Question: I've got Begonias bulbs, and on order I have Dahlias, Gladiolus, Lilies, Cala Lilies. When do I start these off, as I've seen on Gardeners World and Carol Klein that they start them off now in trays and even cut some in pieces when they've sprouted. Should I start mine off now and straight away when I get the rest and will I need to use my propagator for this as I'll be using it for my seeds? I want to plant mine in pots and just put the pots into the planters when the plants are ready to go out, as I'd like to lift the pots out and store them for the following year. So what size of pots do I need to do this?

Answer: You can start off the begonia tubers during the next few weeks and the other plants when they arrive. You don’t need to put them in a propagator but they will need to be kept in a bright, frost free position such as a greenhouse or conservatory until the weather warms up.
With regard to the pot size, it really depends on the size of each bulb or tuber. Dahlias and Lilies can be quite large and will need reasonably deep pots from the start, whereas begonias can be started in smaller pots and then repotted later on in the season. You may want to pot up the calla lilies and gladiolus in small groups rather than individually for greater impact which will, of course, require a slightly larger pot.


Name: Craig Mason

Question: I have some bare root raspberry cane's 3 autumn bliss & 3 malling promise can i grow these in pots on my patio instead of planting in the garden.

Answer: Hi Craig. As the name suggests, Autumn Bliss is an Autumn fruiting variety. Autumn fruiting raspberries produce short, stiff growth which doesn’t require supporting, so they can easily be grown in containers. You can prune all Autumn fruiting raspberry canes to ground level each February.

Malling Promise is a Summer fruiting variety and the spreading stems will require support. These are best planted in the garden. Before planting, prepare a framework of wires stretched horizontally between two sturdy 1.8m (6’) posts. Plant raspberry canes in a row against the wire supports, allowing a distance of 60cm (24”) between plants. Loosely tie the stems of summer fruiting raspberries in to their support wires as they grow. The canes should be pruned to 15cm (6”) above ground level immediately after planting to encourage more shoots to be produced.
In autumn, prune the canes which have fruited over summer to ground level. Canes which have not fruited should be ‘tied in’ to their supports. Aim to have 6 to 8 fruiting canes per plant. Hope this helps Craig.


Name: Ann Norfolk

Question: I recieved my polyanthus tuberose this morning, please can you tell me do i pull the small bulbils off and plant them or just plant the bulb. The reason is i bought some last year from Parkers and all i got was one bulb no bulbils i had the most beautiful flowers. There was 5 bulbs in total. I have been reading that you take the bulbils off and they won’t flower for a couple of years till the bulb gets bigger hope you can help Ann

Answer: Hi Ann.
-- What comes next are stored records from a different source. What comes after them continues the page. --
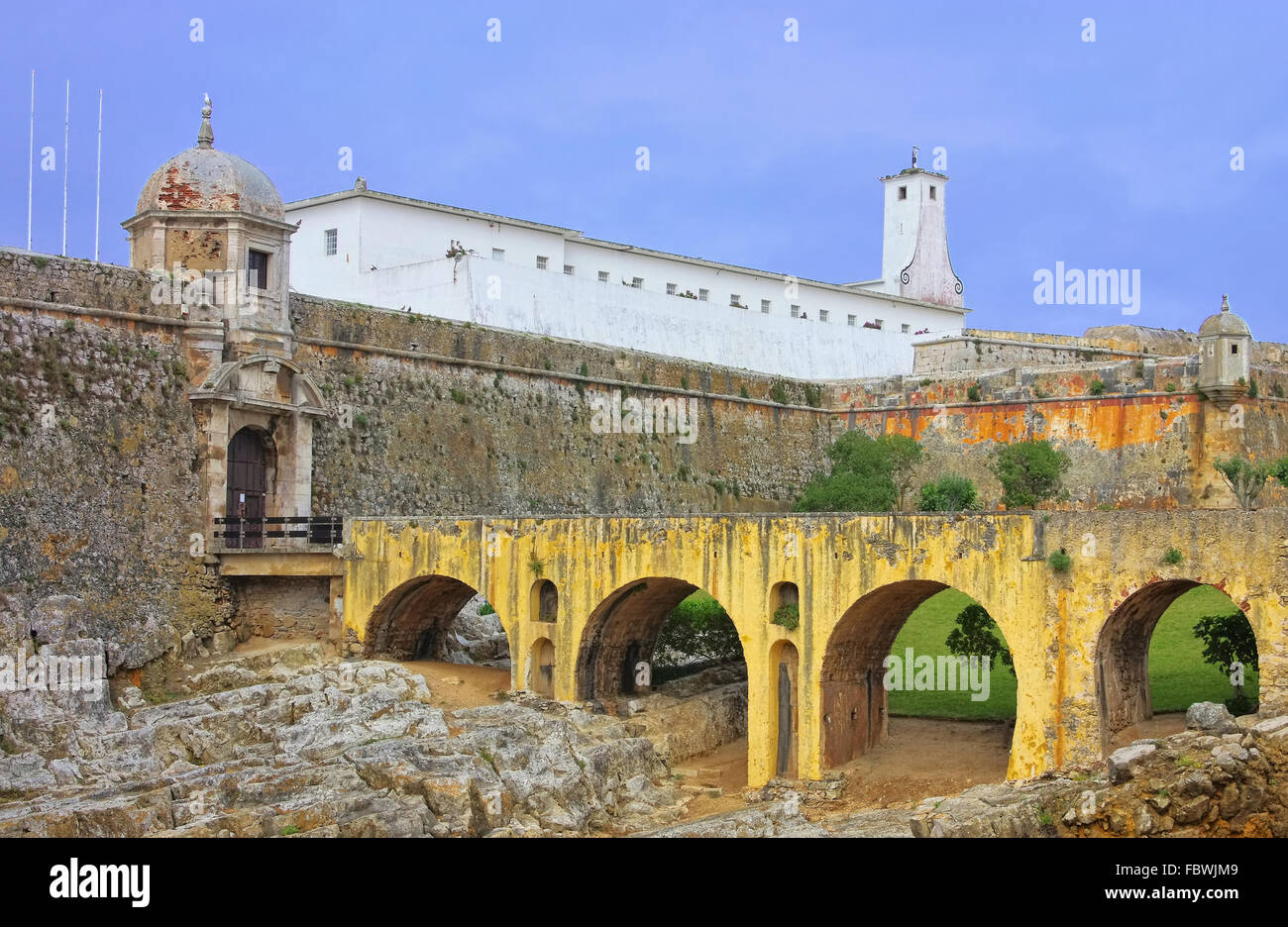 Peniche Festung - Peniche fortezza 01 Foto Stock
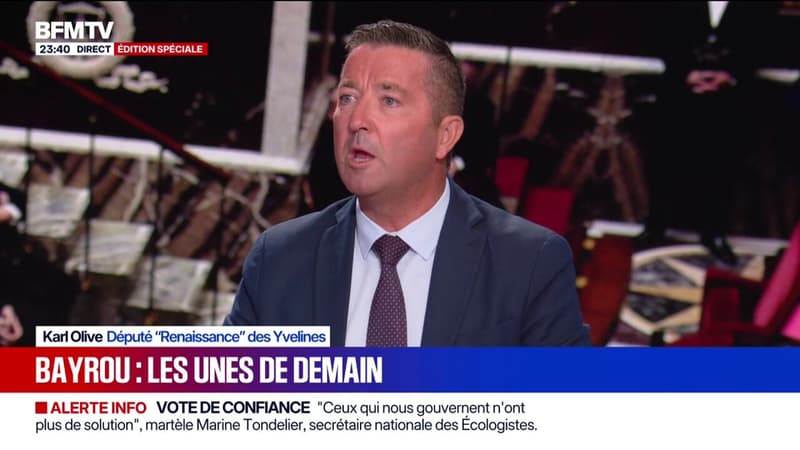 Vote de confiance du 8 septembre:: 
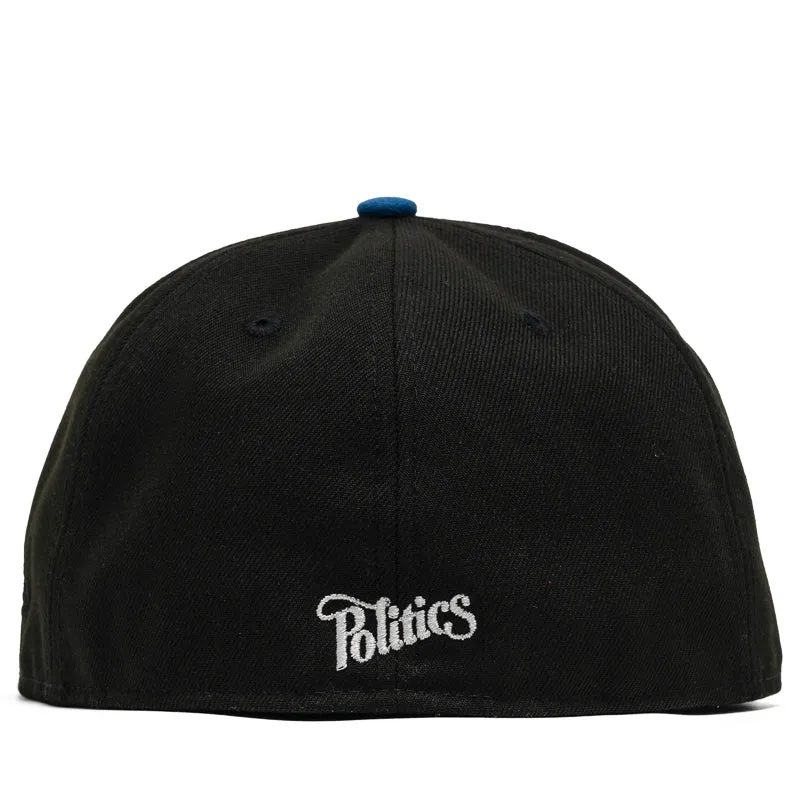 Politics x New Era 2-Tone 59FIFTY Fitted Hat - Black/Royal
You are quite right. If you remove the small bulbils and pot them up they will produce new plants which should be of flowering size in a couple of years.
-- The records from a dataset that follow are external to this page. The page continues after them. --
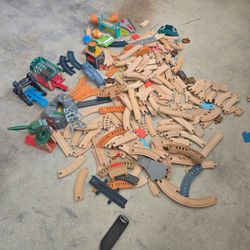 Thomas the Train Wooden Tracks Bundle Lot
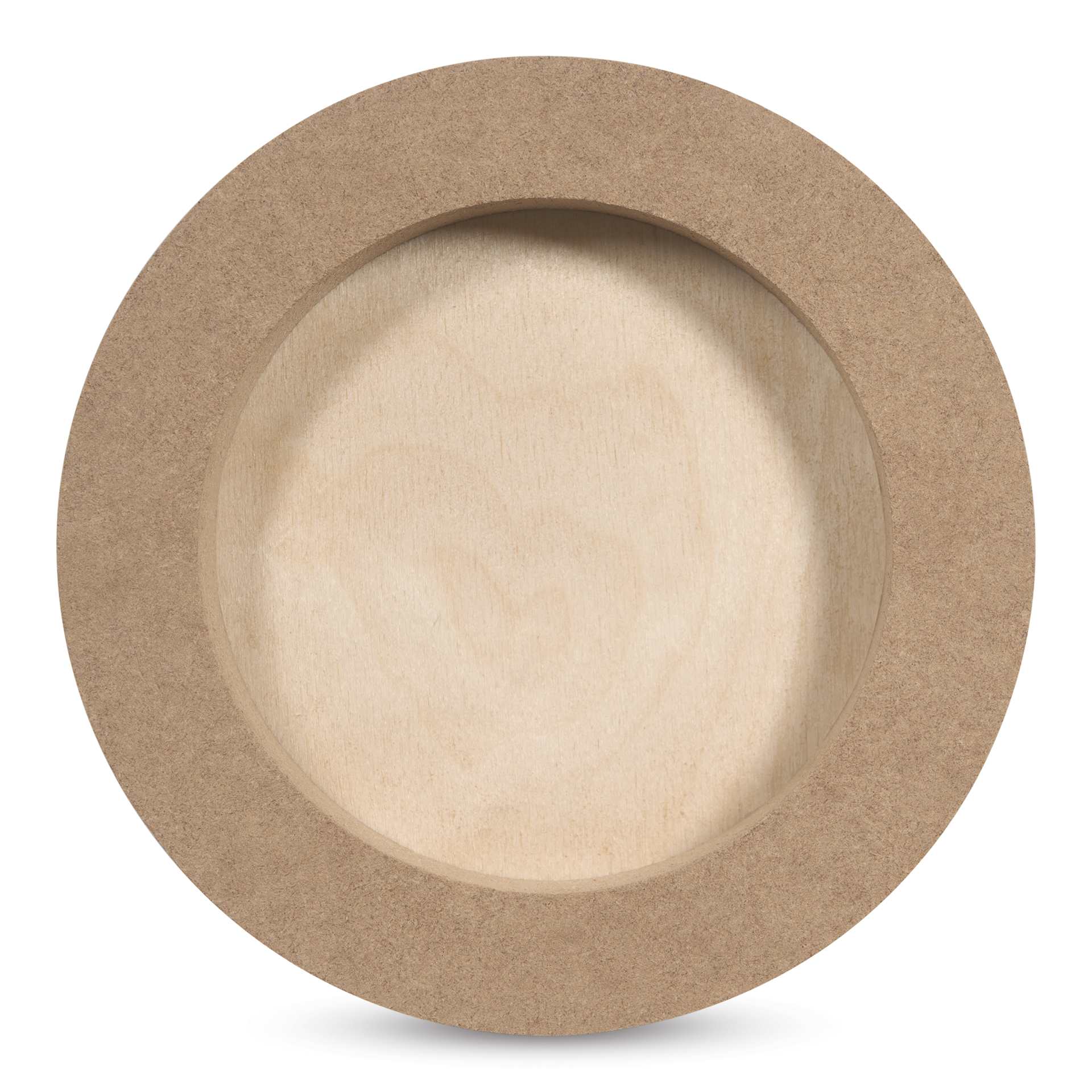 Apollon Gotrick Round Wood Panel - 6" Dia, 7/8" Profile back view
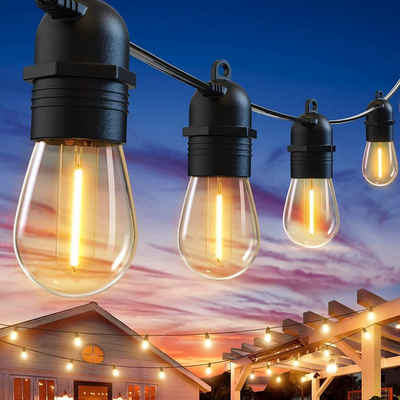 Elegear Lichterkette »Lichterkette Glühbirnen Erweiterbar mit S14 LED Glühbirnen«, ‎Bruchsicher, Energieeinsparung,Warmweiß Lichterkette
Polianthes tuberosa requires a minimum temperature of 15°C (59°F). Plant tubers in containers at a depth of 10cm (4”) and grow them on until large enough to move outdoors when all risk of frost has passed. When growing tuberose in extremely mild areas, you can plant them directly into moist, fertile, well drained soil in sheltered sunny borders.
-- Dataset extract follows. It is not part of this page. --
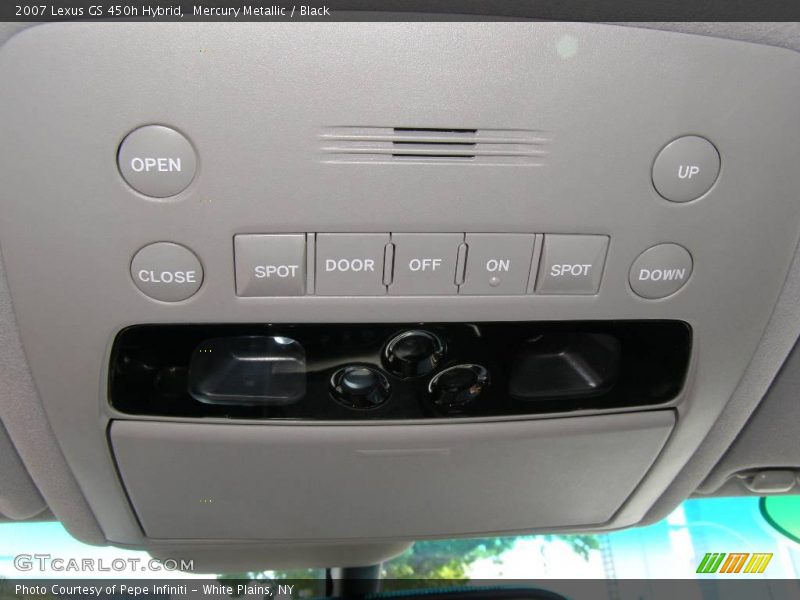 Mercury Metallic / Black 2007 Lexus GS 450h Hybrid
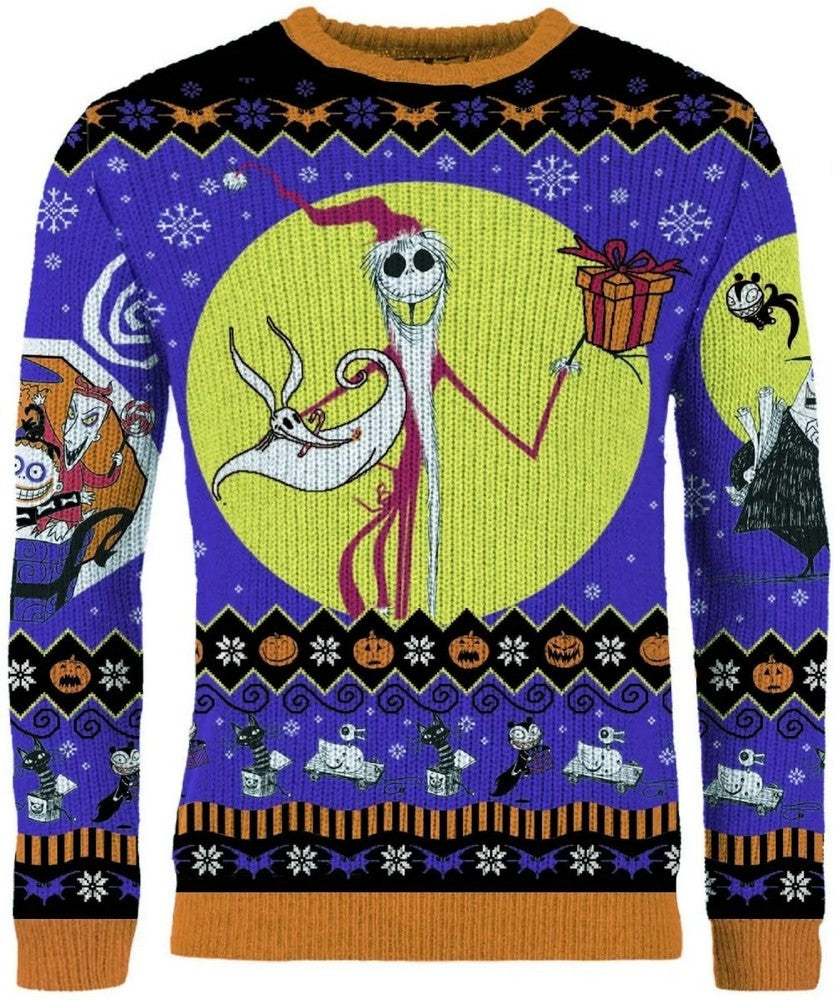 The Nightmare Before Christmas Christmas Jumper (Size M)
With the first autumn frosts, lift clumps of tubers from their growing positions. Keep any young offsets and tubers which have not yet flowered and discard the older portions which have flowered during the summer as these are unlikely to bloom again. Store them over winter in peat or sand, in a cool but frost free position, then replant tubers of Polianthes tuberosa the following spring. If you do this every year then you will have a constant supply of new plants to replace the older tubers which have flowered.